___ Provided material ___

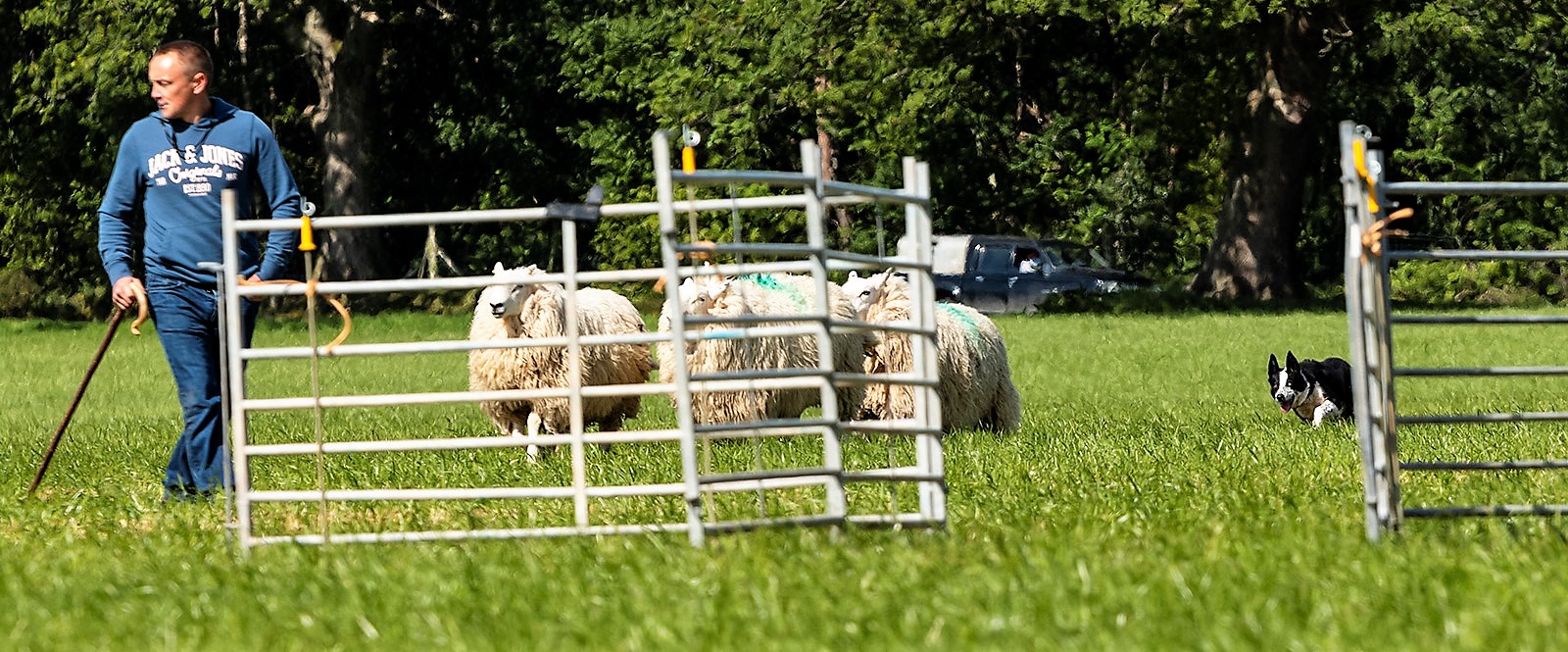 2019 North Wales Sheep Dog Society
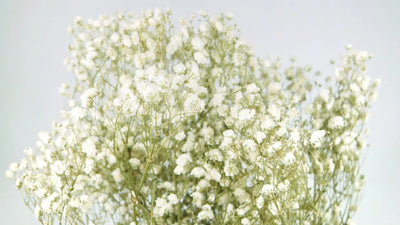 Les tendances décoratives avec la Gypsophile Artificielle en 2025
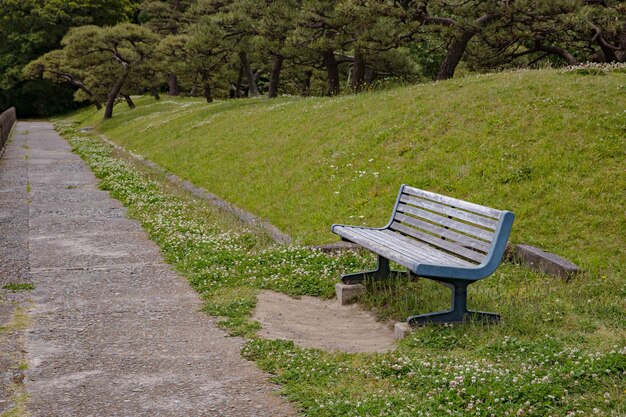 Foto alte parkbank im sommer.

___

* _Exercise description_
Only the lines from the one containing "Les tendances décoratives" through the final line of the data are to be written out, exactly as they stand and without pictures.

* _Answer to this problem_
 Les tendances décoratives avec la Gypsophile Artificielle en 2025
 Foto alte parkbank im sommer.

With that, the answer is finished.